▶ **Dataset entries**:
"""

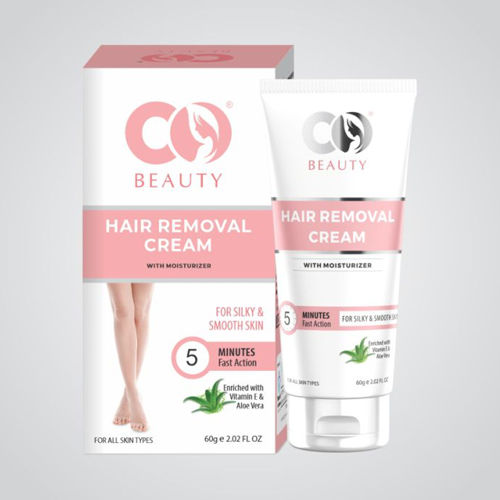 Waterproof 60G Hair Removal Cream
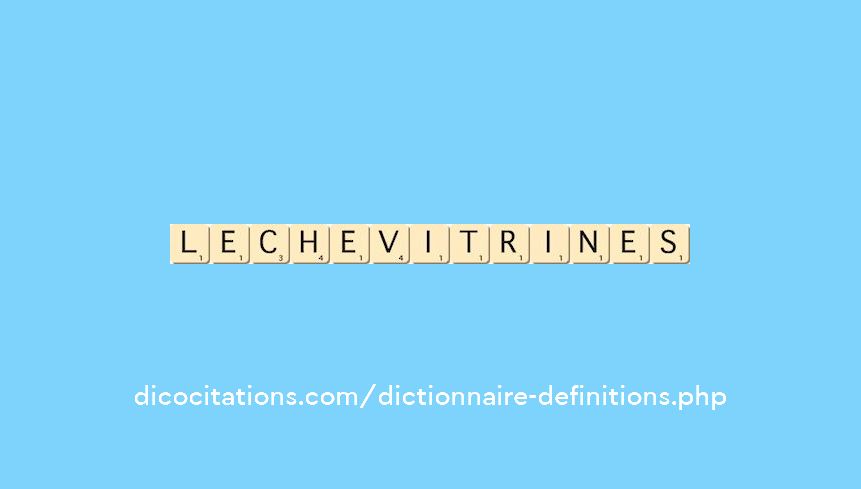 leche-vitrines leche-vitrines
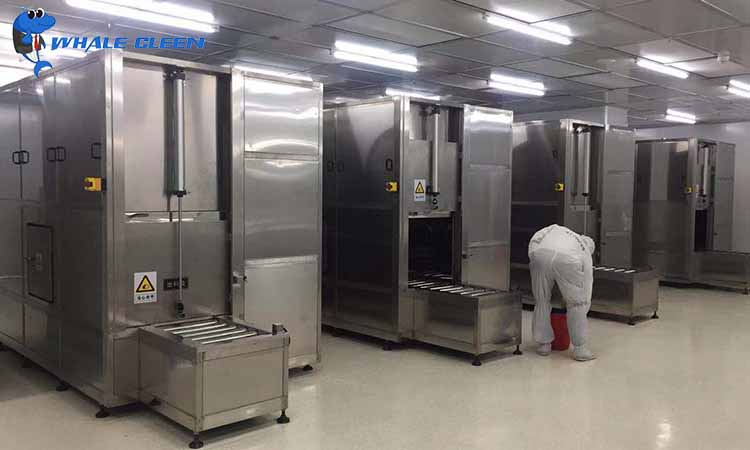 The current status of the development of ultrasonic cleaning technology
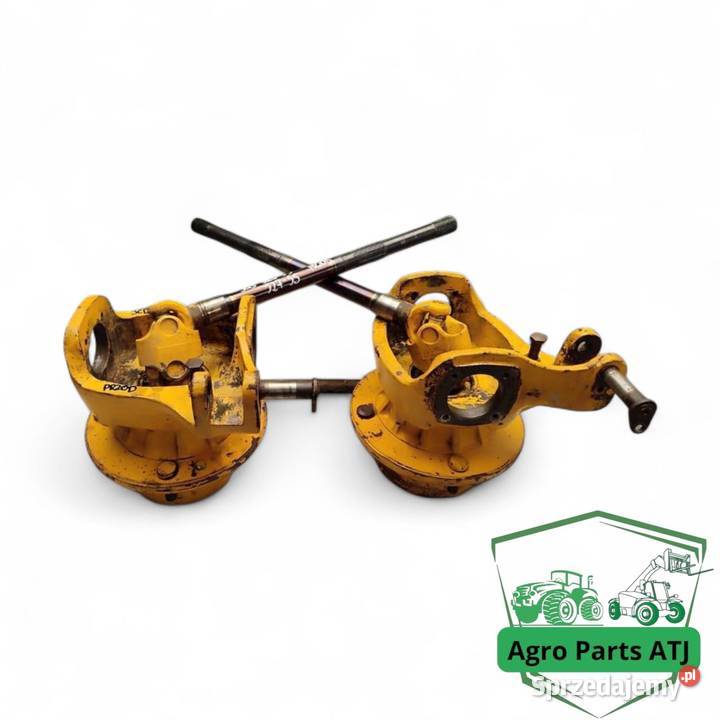 JCB 526 s 2001rParts Części Ciechanowiec sprzedam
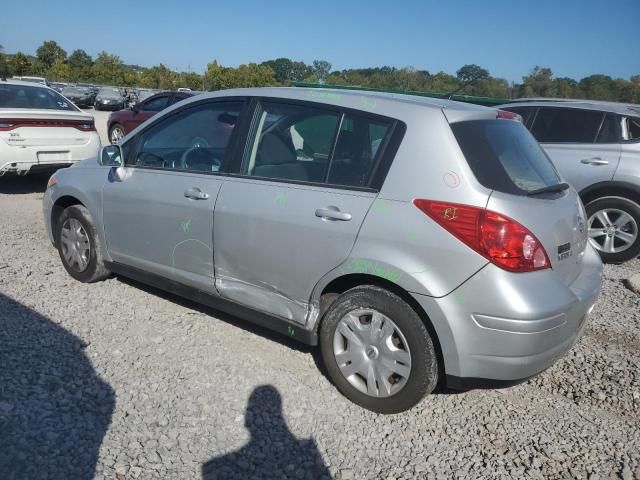 2012 Nissan Versa S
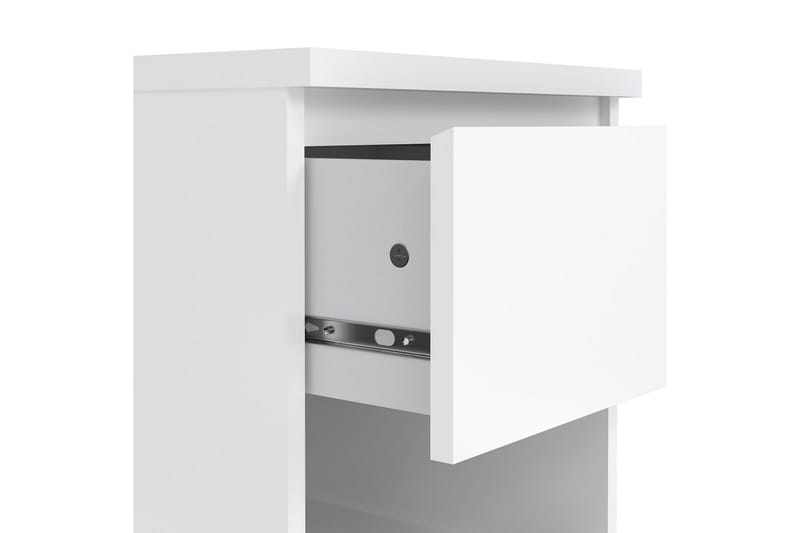 Salomns Sängbord 40,4 cm - Vit - Möbler - Bord & matgrupper - Avlastningsbord - Sängbord & nattduksbord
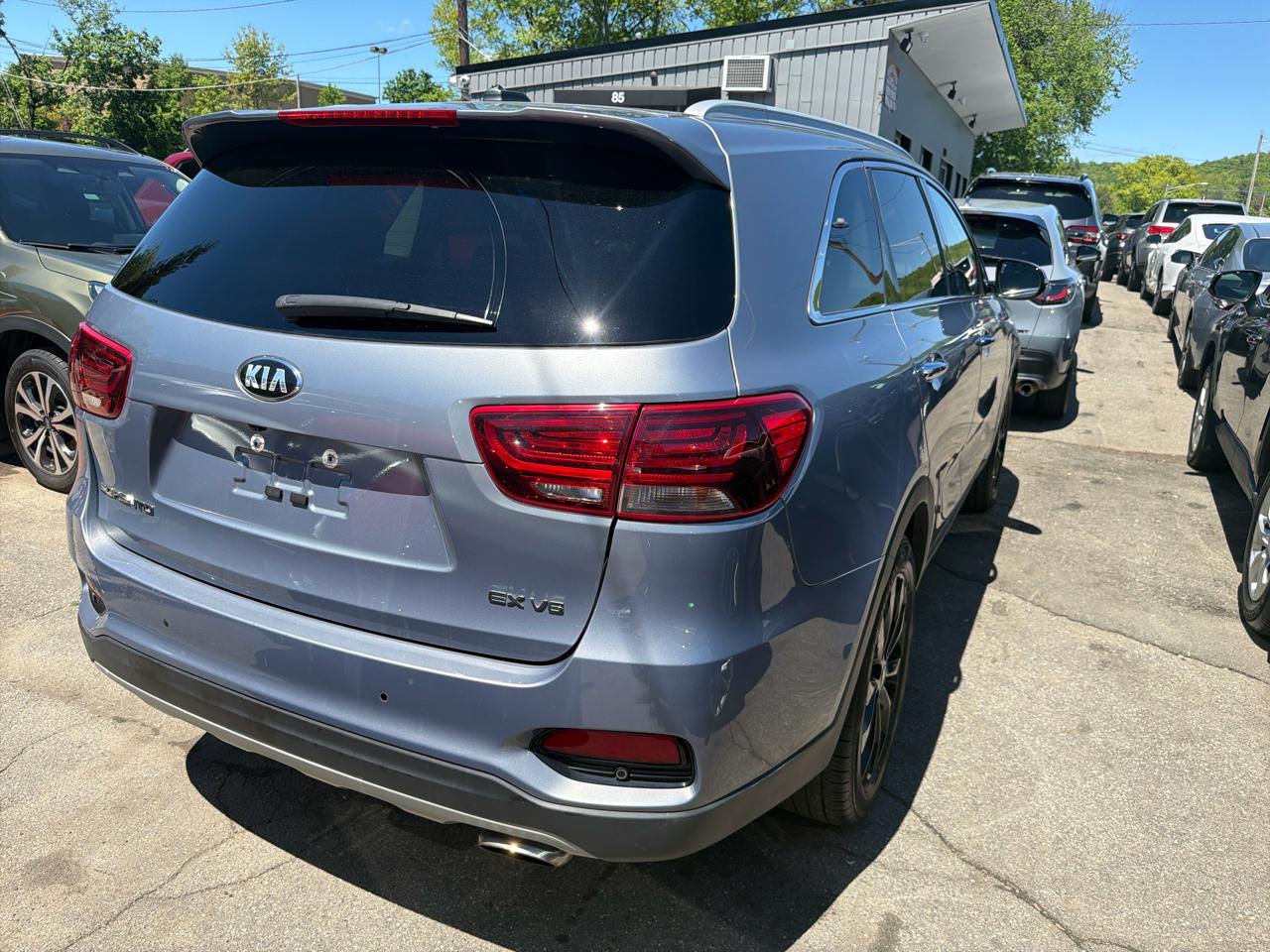 Kia Sorento EX V6 AWD 2020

"""

▶ **Exercise objective**:
Write each line exactly as it appears, from the line that holds "The current status" through the closing line of the data above, and leave every picture out.

▶ **Output below**:
 The current status of the development of ultrasonic cleaning technology
 JCB 526 s 2001rParts Części Ciechanowiec sprzedam
 2012 Nissan Versa S
 Salomns Sängbord 40,4 cm - Vit - Möbler - Bord & matgrupper - Avlastningsbord - Sängbord & nattduksbord
 Kia Sorento EX V6 AWD 2020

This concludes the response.